## Tokenize le texte
Une texte pour l'ordinateur est un 'string', une liste de characters. On aura besoin d'une liste de mots et on appelle ce processus 'tokenisation'

In [21]:
file = open("/Users/danjane/cltk_data/latin/text/latin_text_latin_library/falcone.txt", "r") 
text = file.read()

# Remplace j/v et tokenize
from cltk.stem.latin.j_v import JVReplacer
from cltk.tokenize.word import WordTokenizer

jv_replacer = JVReplacer()
text = jv_replacer.replace(text.lower())

word_tokenizer = WordTokenizer('latin')
text_word_tokens = word_tokenizer.tokenize(text)
text_word_tokens = [token for token in text_word_tokens if token not in ['.', ',', ':', ';','*']]

# Garde les mots de plus de trois characters
text_word_tokens = [token for token in text_word_tokens if len(token) > 3]

# Montre les premiers mots ('tokens') trouvé
print(text_word_tokens[:9])

['chronicon', 'beneuentanum', 'falcone', 'beneuento', 'chronicon', 'beneuentanum', '1102.1.1', 'apud', 'urbem']


## Créer une dictionnaire pour les noms des lieux
On a besoin d'une grande liste des noms latins des lieux, et aussi un moyen de les traduires dans leurs noms moderns.

In [32]:
file = open("LatinGeographicalNames.txt")
file_text = file.read().lower()
file_text_lines = file_text.split('\n')
latinname_modernname = [line.split('\t') for line in file_text_lines]

latin_names = []
modern_names = []
for pair in latinname_modernname:
    if len(pair) > 1:
        latins = pair[0].split(',')
        moderns = pair[1].split(',')
        for latin in latins:
            for modern in moderns:
                latin_names.append(latin.lstrip())
                modern_names.append(modern.lstrip())

for i in range(10):
        print(latin_names[i] + ', ' + modern_names[i])
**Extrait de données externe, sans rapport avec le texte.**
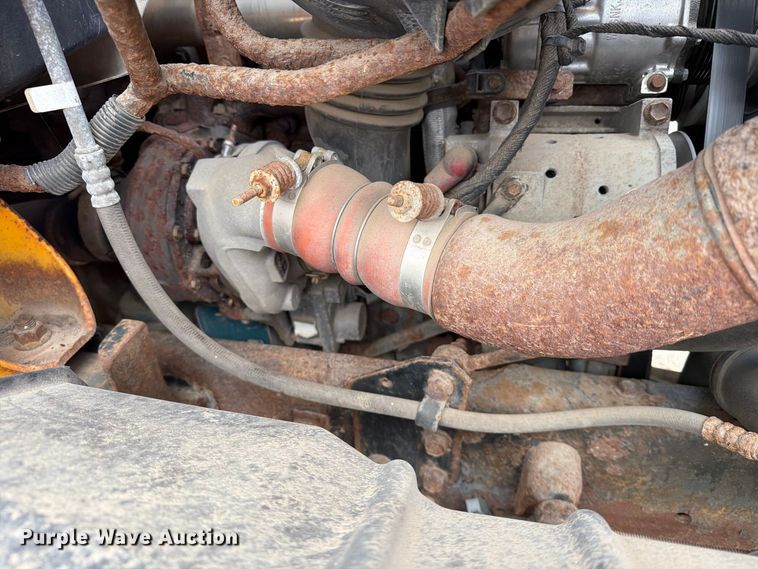 image for item FT6703 2006 International Workstar 7400 Crew Cab dump truck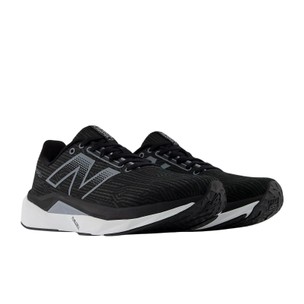 New Balance FuelCell Propel V5 Running Shoes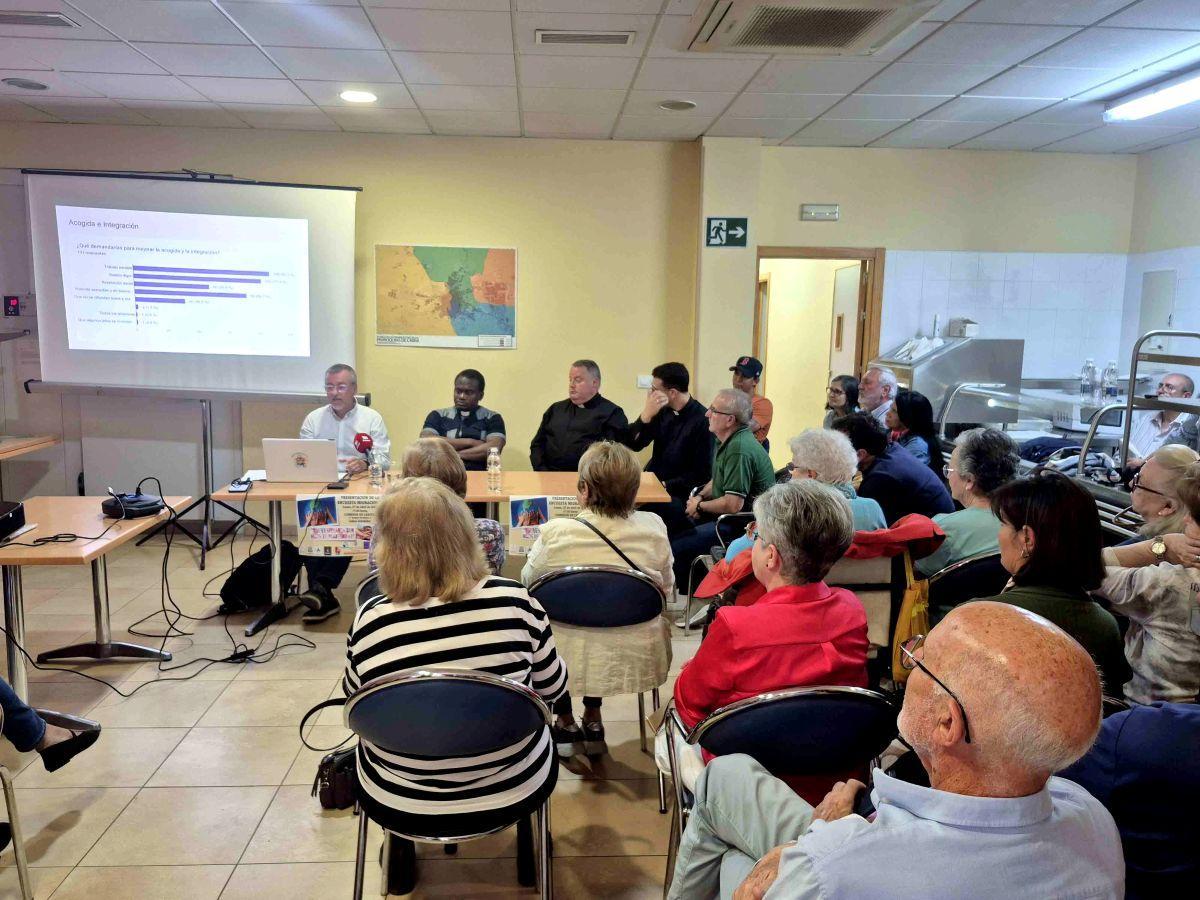 Asistentes a la presentación de los resultados de la encuentra sobre inmigración en Cabra.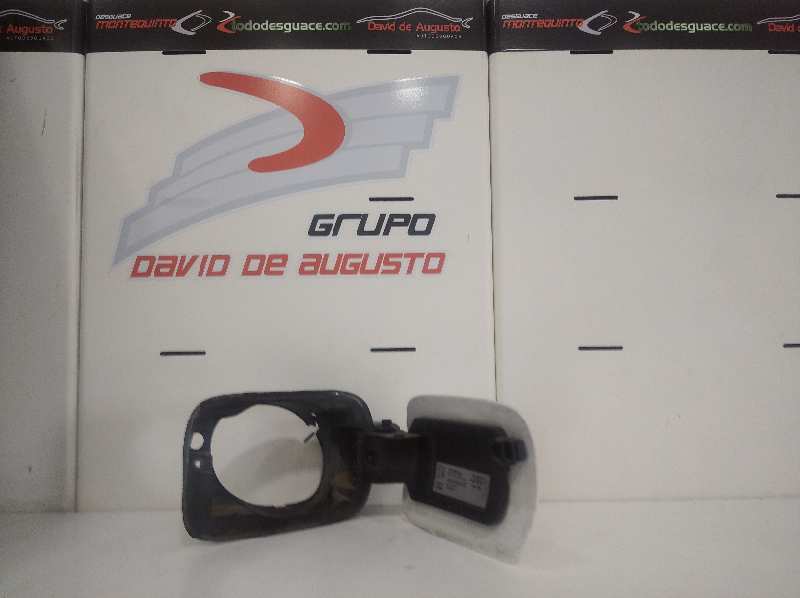 TAPA EXTERIOR COMBUSTIBLE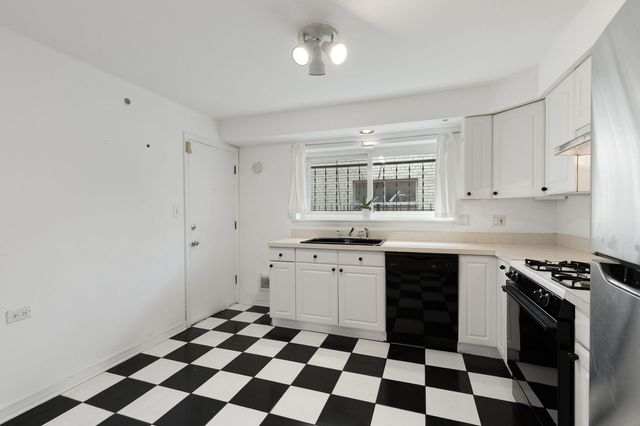 7070 N Ridge Boulevard 1A, Chicago, IL 60645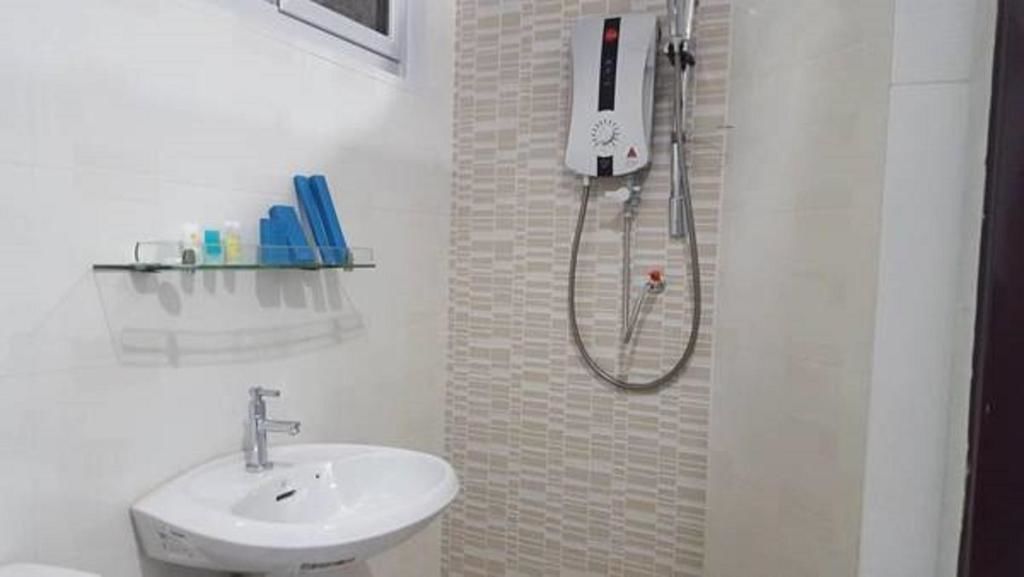 single room (with bathroom) | minibar, desk, blackout curtains, soundproofing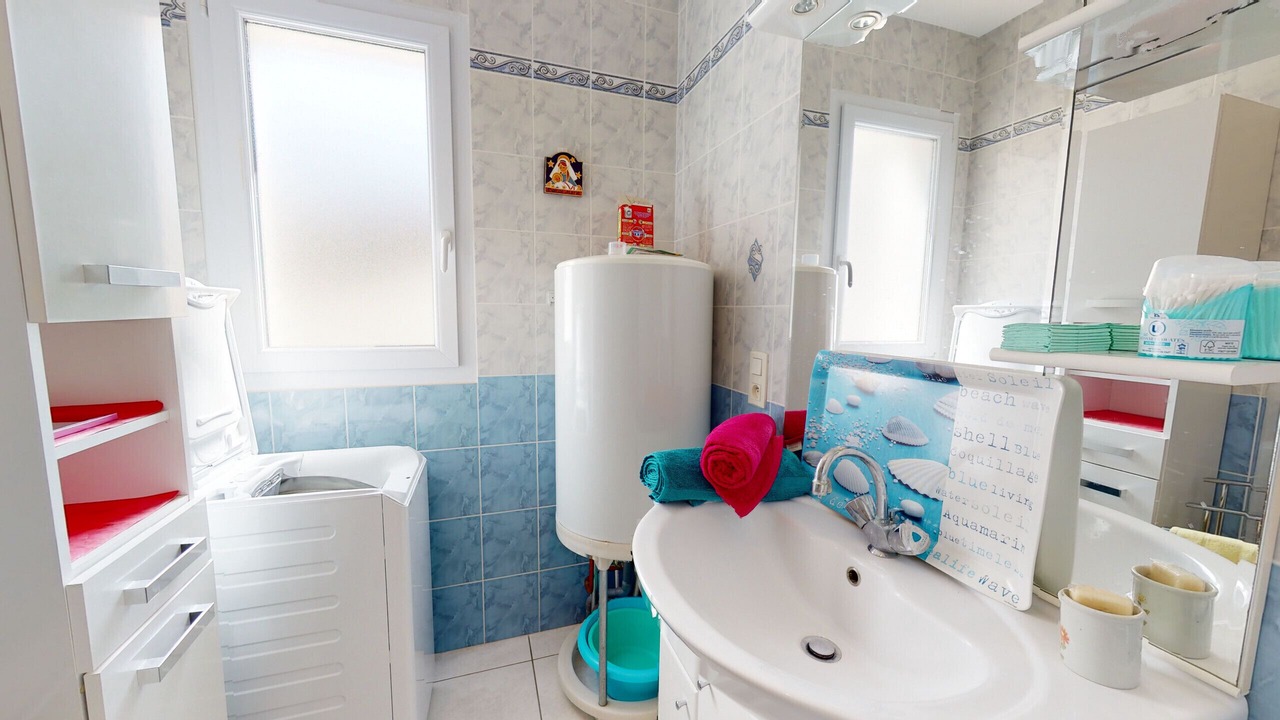 Photo of Bathroom in Saint-Gilles-Croix-de-Vie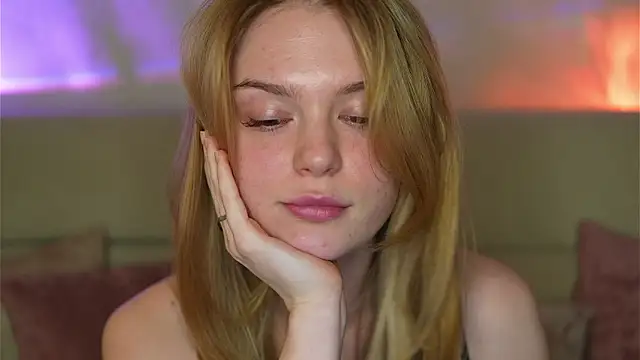 cyberl0ve  online show from March 29, 2026, 5:57 pm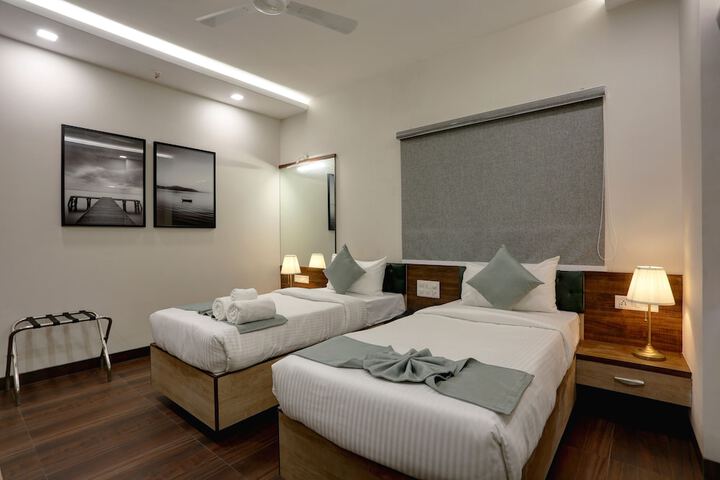 Room 43 of 57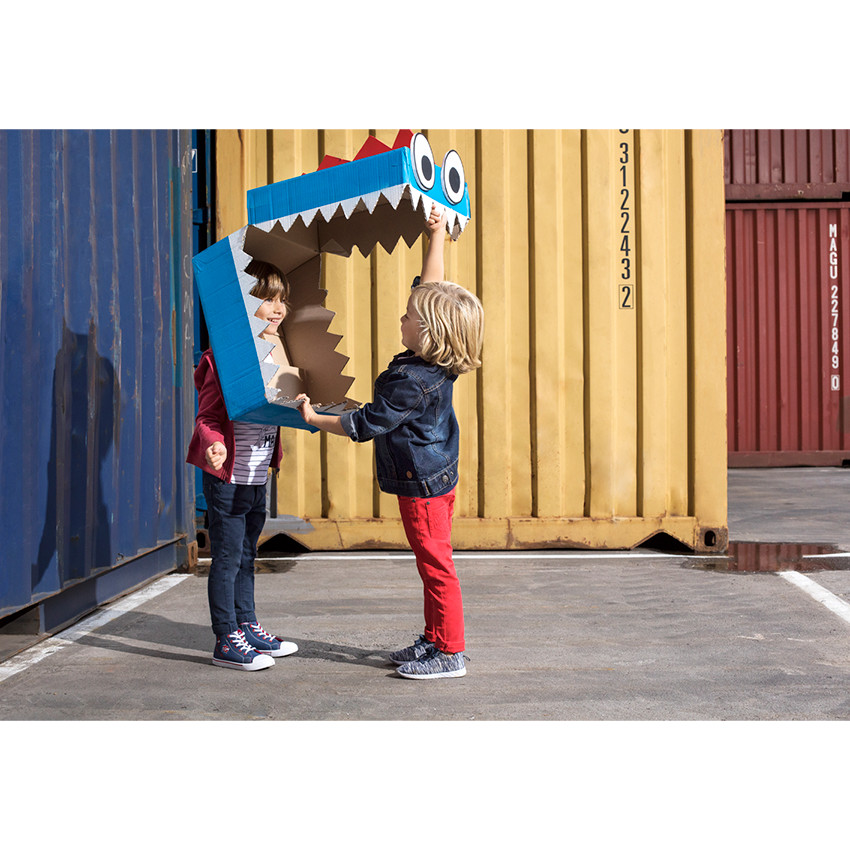 Chaqueta vaquera desgastada con bolsillo con botones a presión 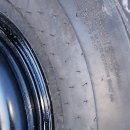 두산 신형 타이어,휠 팝니다(8.25-15) 이미지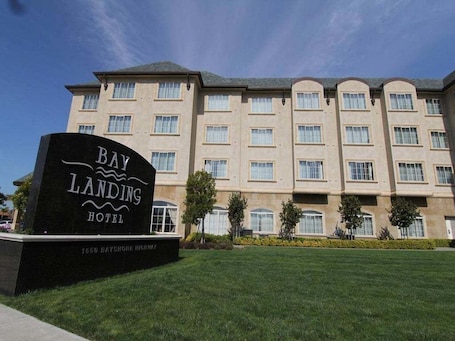 Außenbereich. Bay Landing San Francisco Airport Hotel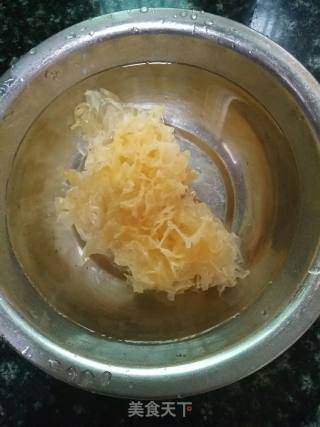 Sydney White Fungus Soup recipe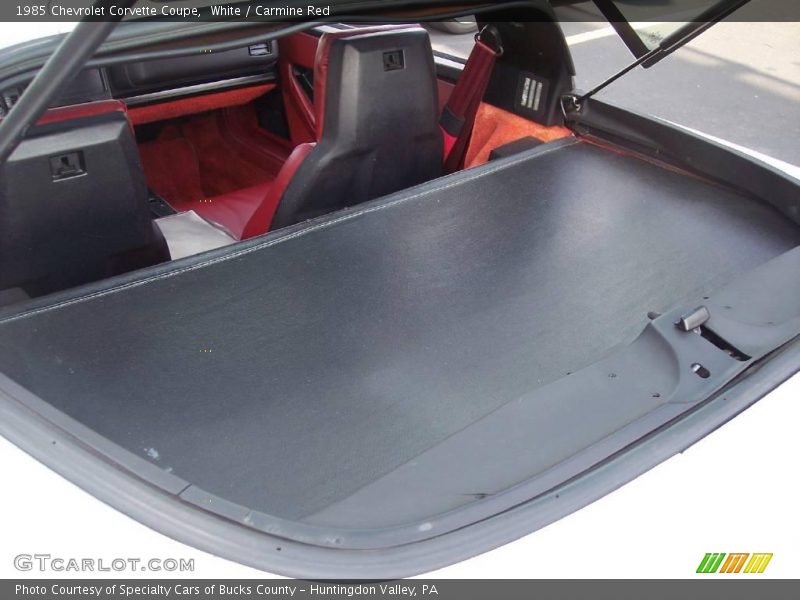 White / Carmine Red 1985 Chevrolet Corvette Coupe
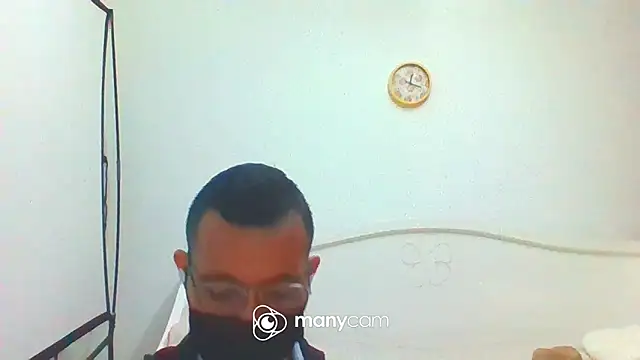 Snapshot of Yeye25199 chatting on January 17, 2025, 7:30 am Yeye25199 online show from January 17, 2025, 7:30 am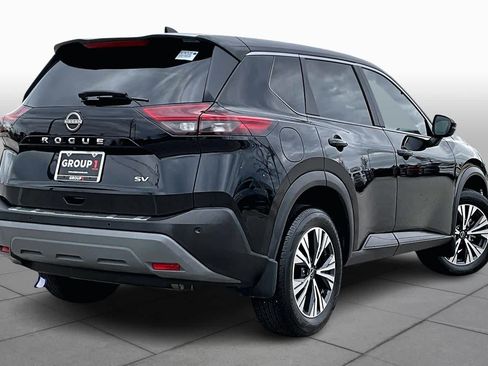 Used 2023 Nissan Rogue SV image 12
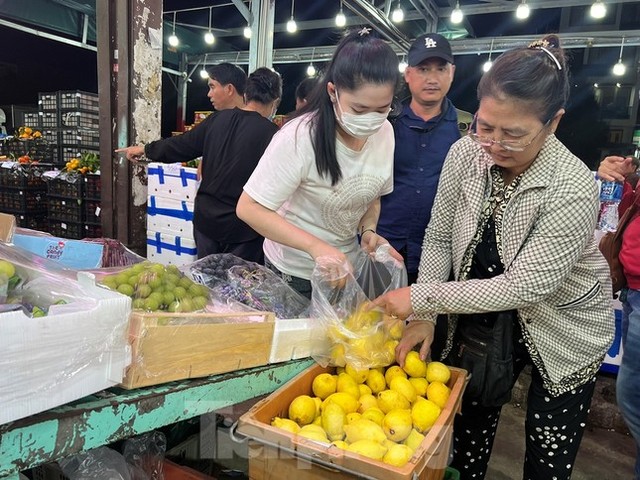 Trái cây Trung Quốc ‘đội lốt’ Thái Lan tràn ngập chợ TPHCM - Ảnh 12.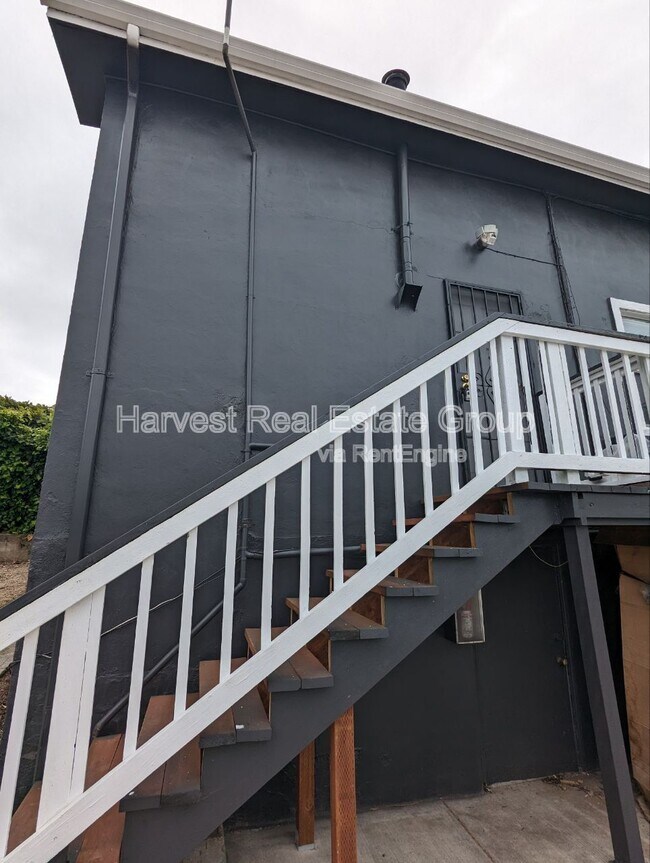 812 E 23rd St in Oakland, CA - Building Photo - Building Photo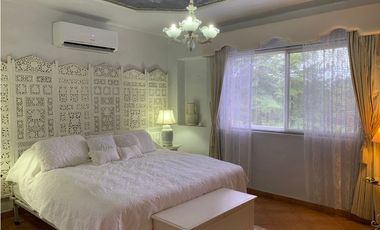 VENDO APARTAMENTO DE PLAYA PUNTA BARCO RESORT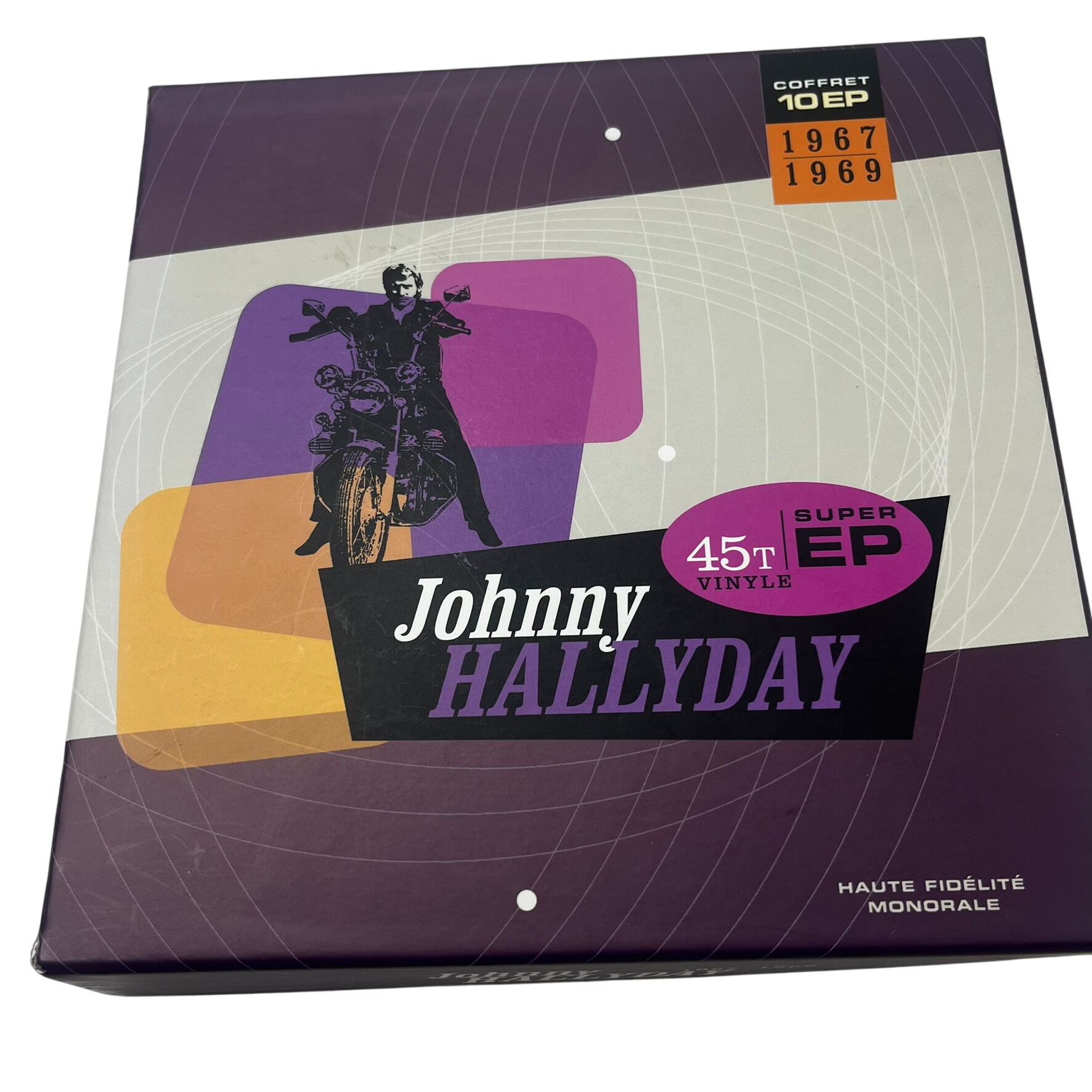 Acheter Coffret 45 T Johnny Hallyday 1967/1969 Très bon état - 69,00 € Coffret 45 T Johnny Hallyday 1967/1969 Très bon état reconditionné disponible sur Label Emmaüs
canonical latin name (source(s): variant(s)), english name (native language(s)) - older name(s)
canonical latin name (source(s): variant(s)), (other language(s))
canonical latin name (source(s): variant(s)), location(s)
brigantium, bregenz
brigantia, bregenz
carnuntum, bad deutsch-altenburg / petronell
chremisa, krems
idunum, judenburg
iuenna, jaunstein - (podjuna)
iuenna, völkermarkt


In [23]:
places_in_text = list(set(text_word_tokens) & set(latin_names))
print(places_in_text[:5])

['solium', 'regalis', 'curia', 'luna']


Je voudrais trouver des textes avec les plus de lieux possible, car il serait plus jolie sur un plan

In [24]:
import os

#files = [file in os.listdir(
#    "/Users/danjane/cltk_data/latin/text/latin_text_latin_library/")]
dir_texts = "/Users/danjane/cltk_data/latin/text/latin_text_latin_library/"
files = os.listdir(dir_texts)
files = [file for file in files if (file.endswith('.txt')) ]


In [25]:
def tokenize(text):
    jv_replacer = JVReplacer()
    text = jv_replacer.replace(text.lower())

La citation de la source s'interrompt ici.